Using the data below, set down every line from the one containing "FIG 25. BILGE PUMP(OPTIONAL)" through the one containing "估算肾小球滤过率79.65", inclusive and unchanged. Pictures are to be skipped.

**INFORMATION**

═══

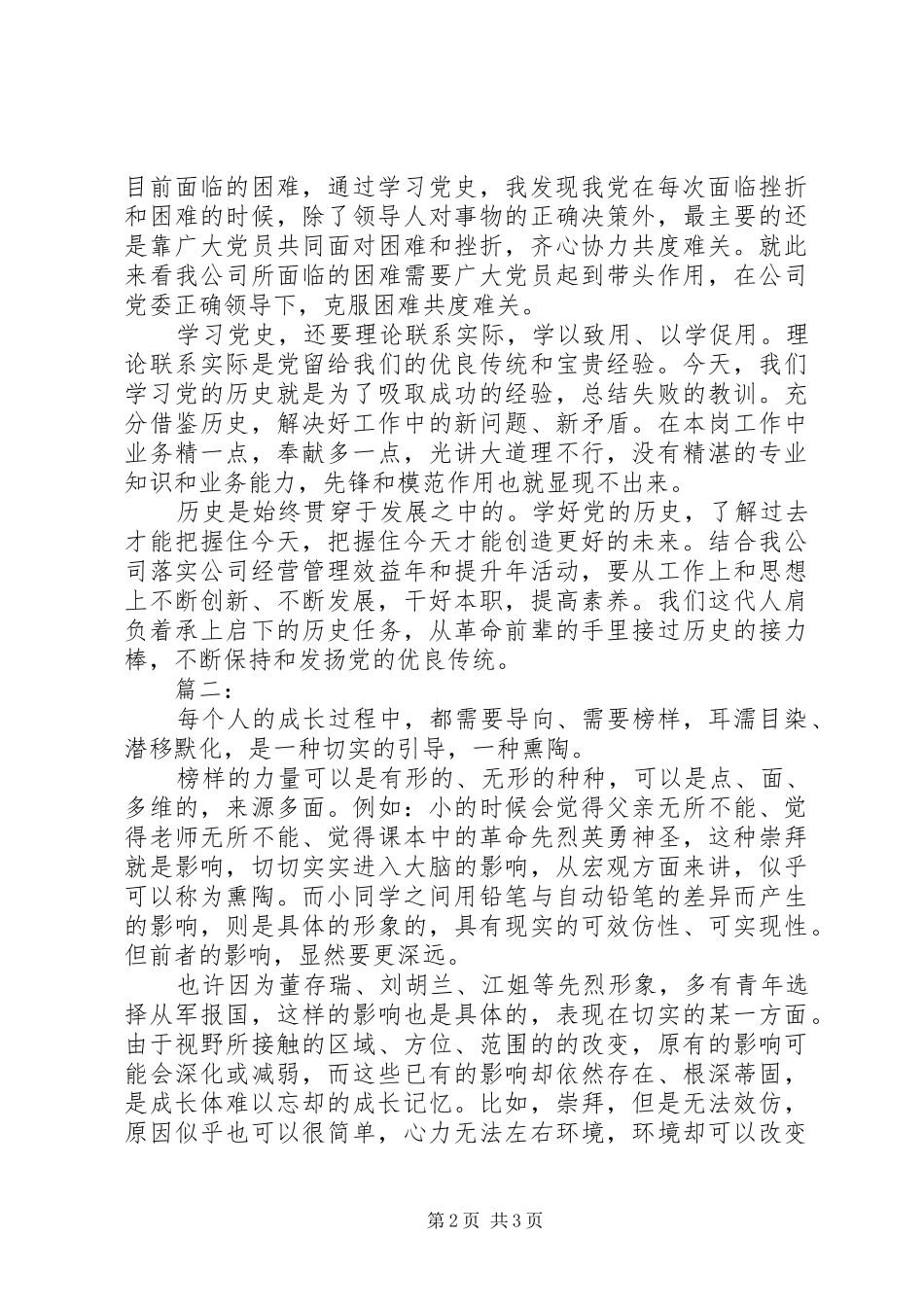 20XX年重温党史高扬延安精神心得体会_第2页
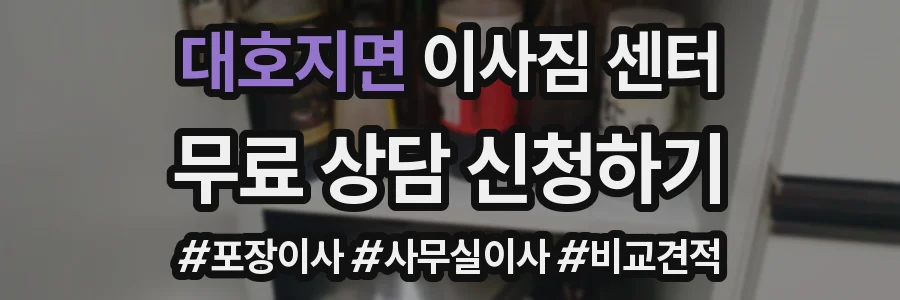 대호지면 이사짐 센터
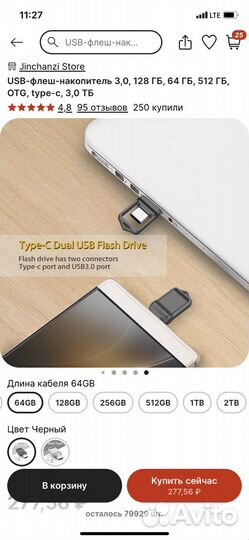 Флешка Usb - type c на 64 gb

═══

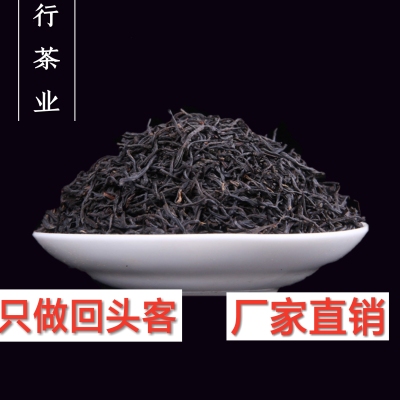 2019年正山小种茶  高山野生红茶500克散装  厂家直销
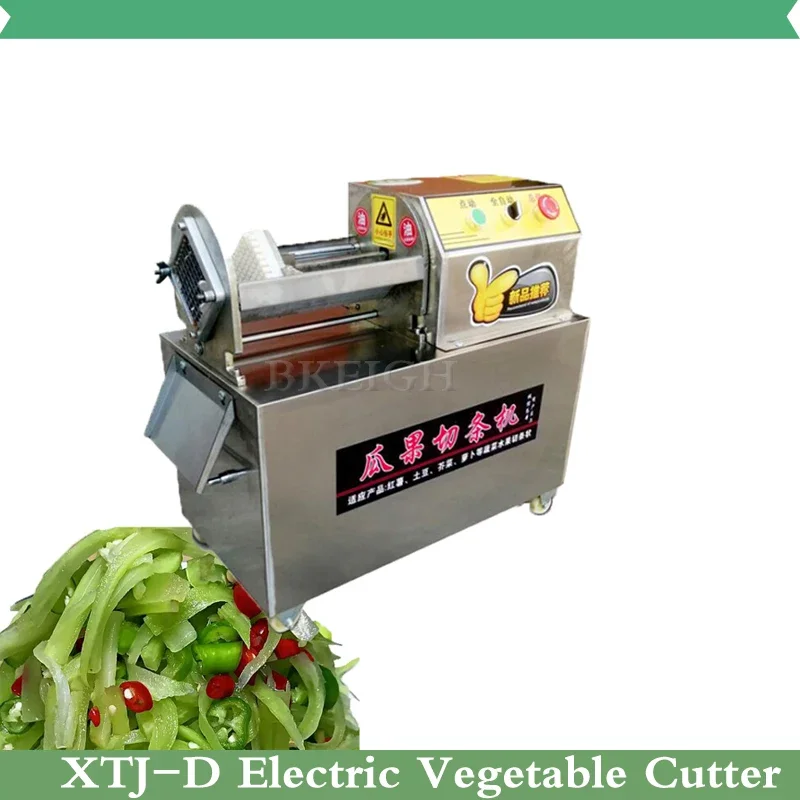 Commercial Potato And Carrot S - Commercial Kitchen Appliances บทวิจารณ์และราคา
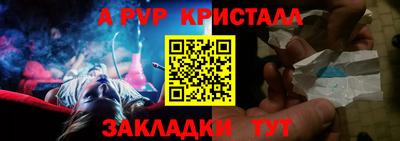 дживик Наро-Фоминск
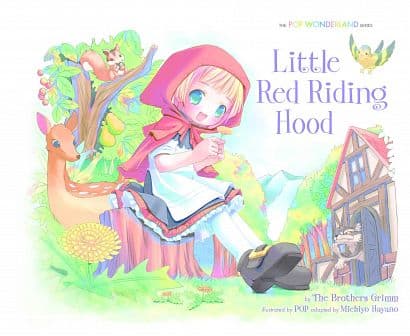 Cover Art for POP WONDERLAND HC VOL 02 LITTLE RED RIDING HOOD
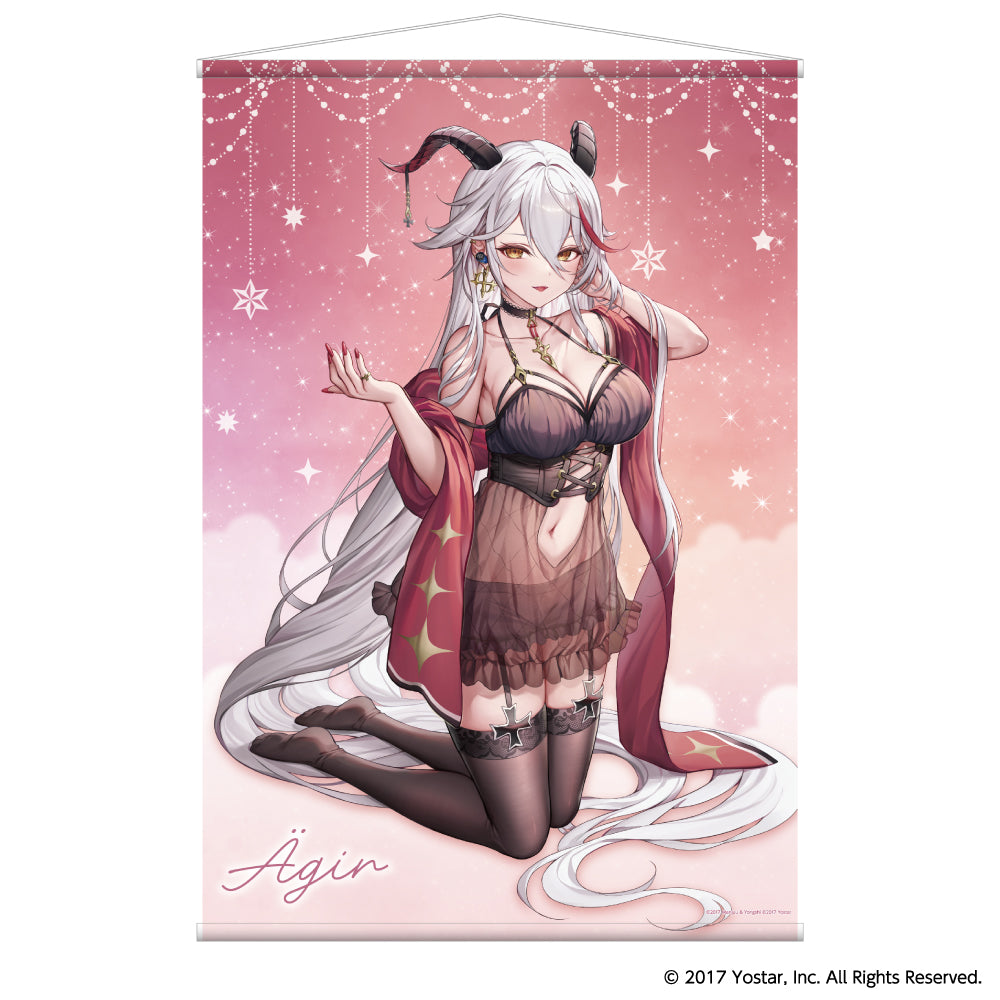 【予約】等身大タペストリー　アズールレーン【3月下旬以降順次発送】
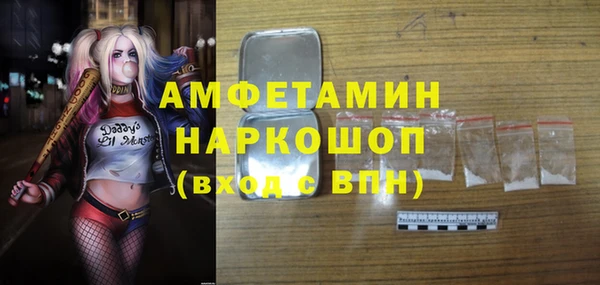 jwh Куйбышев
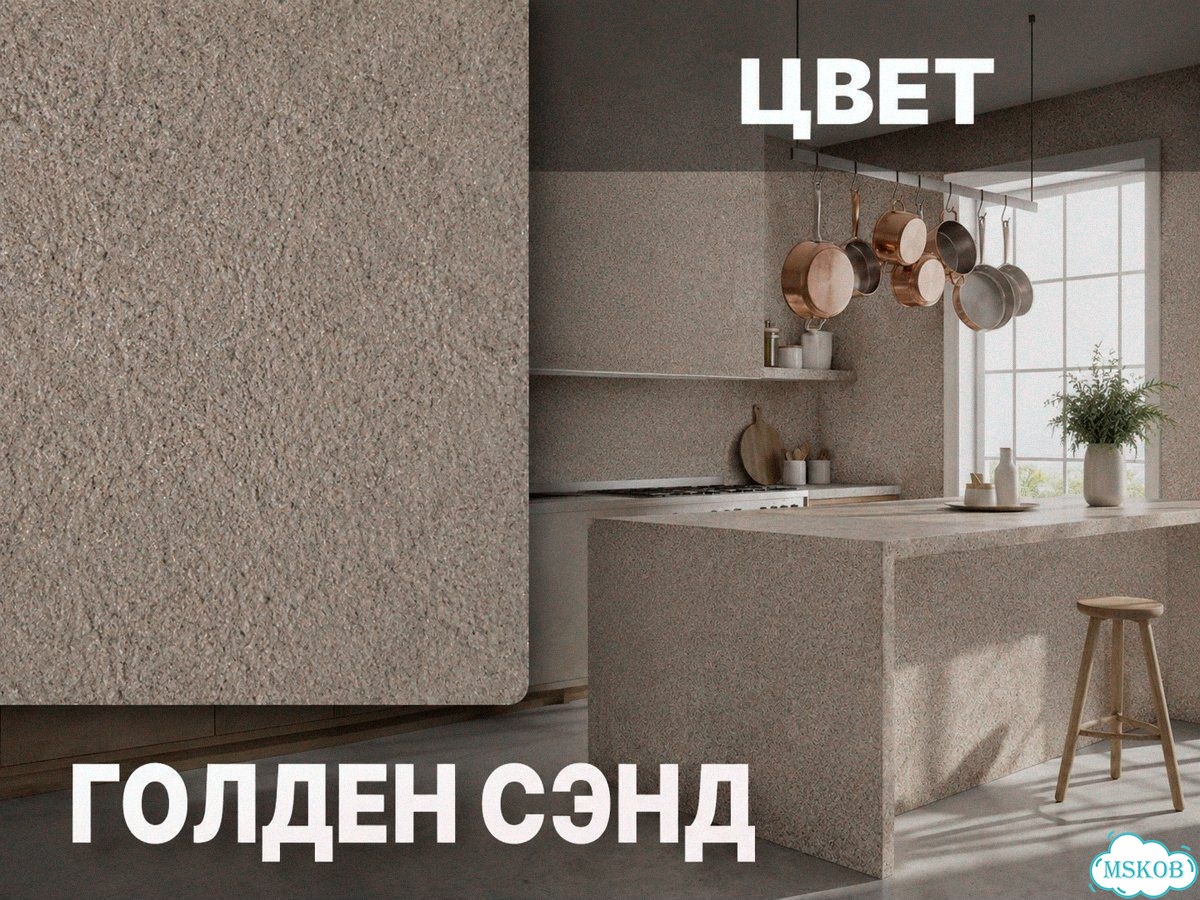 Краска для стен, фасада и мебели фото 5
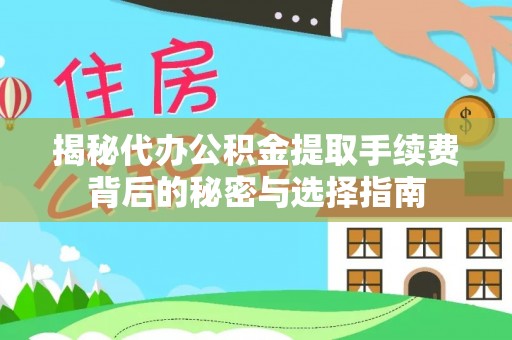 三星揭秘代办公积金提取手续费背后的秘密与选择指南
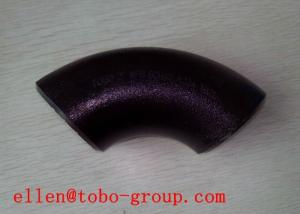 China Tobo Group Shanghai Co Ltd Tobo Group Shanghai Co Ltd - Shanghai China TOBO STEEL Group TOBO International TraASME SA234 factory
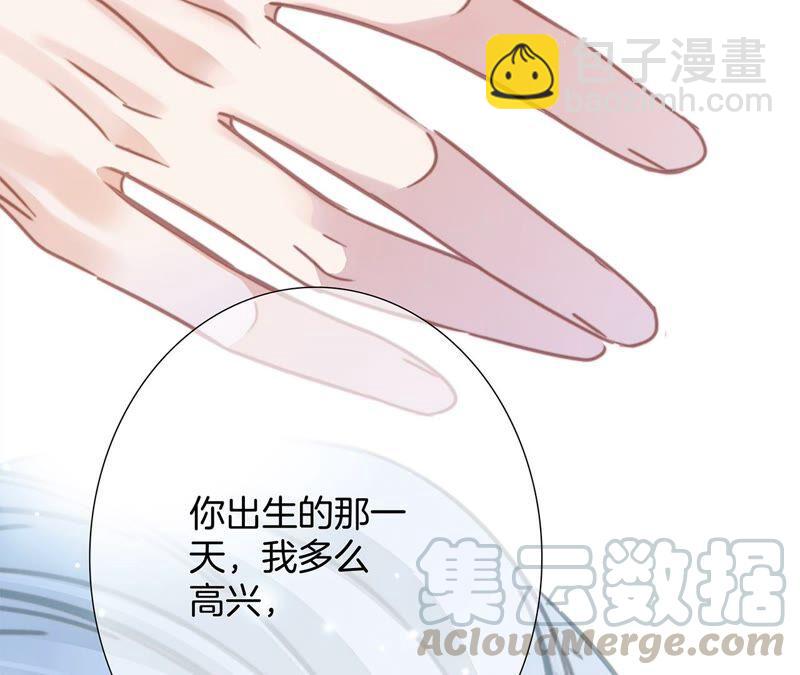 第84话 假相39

═══

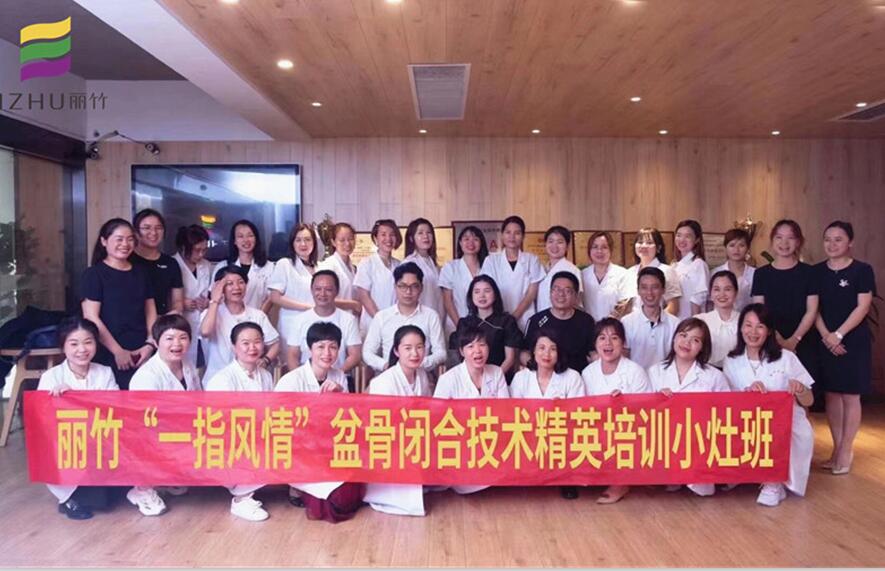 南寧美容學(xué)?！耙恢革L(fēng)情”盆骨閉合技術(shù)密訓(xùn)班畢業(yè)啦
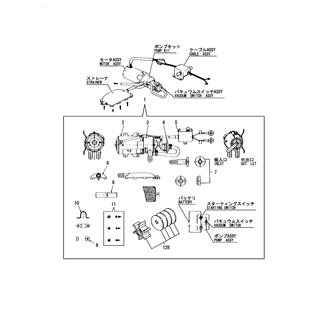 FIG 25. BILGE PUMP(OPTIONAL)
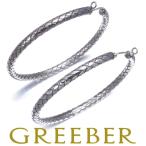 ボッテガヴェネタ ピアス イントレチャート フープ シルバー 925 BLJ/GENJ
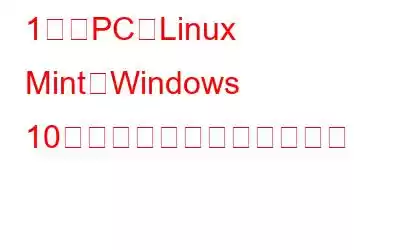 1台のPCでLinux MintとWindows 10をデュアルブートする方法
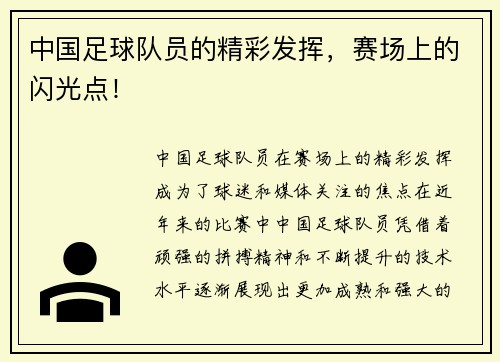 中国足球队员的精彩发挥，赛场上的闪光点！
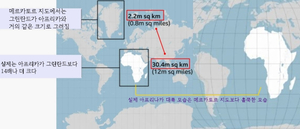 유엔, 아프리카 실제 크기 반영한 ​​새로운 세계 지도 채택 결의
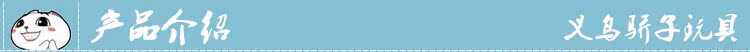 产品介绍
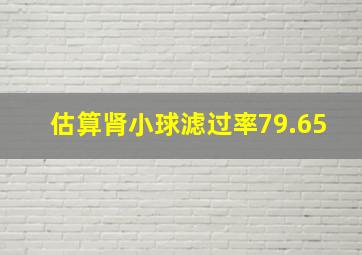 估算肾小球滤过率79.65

═══

**TASK SOLUTION**
 FIG 25. BILGE PUMP(OPTIONAL)
 ボッテガヴェネタ ピアス イントレチャート フープ シルバー 925 BLJ/GENJ
 1台のPCでLinux MintとWindows 10をデュアルブートする方法
 中国足球队员的精彩发挥，赛场上的闪光点！
 유엔, 아프리카 실제 크기 반영한 ​​새로운 세계 지도 채택 결의
 产品介绍
 估算肾小球滤过率79.65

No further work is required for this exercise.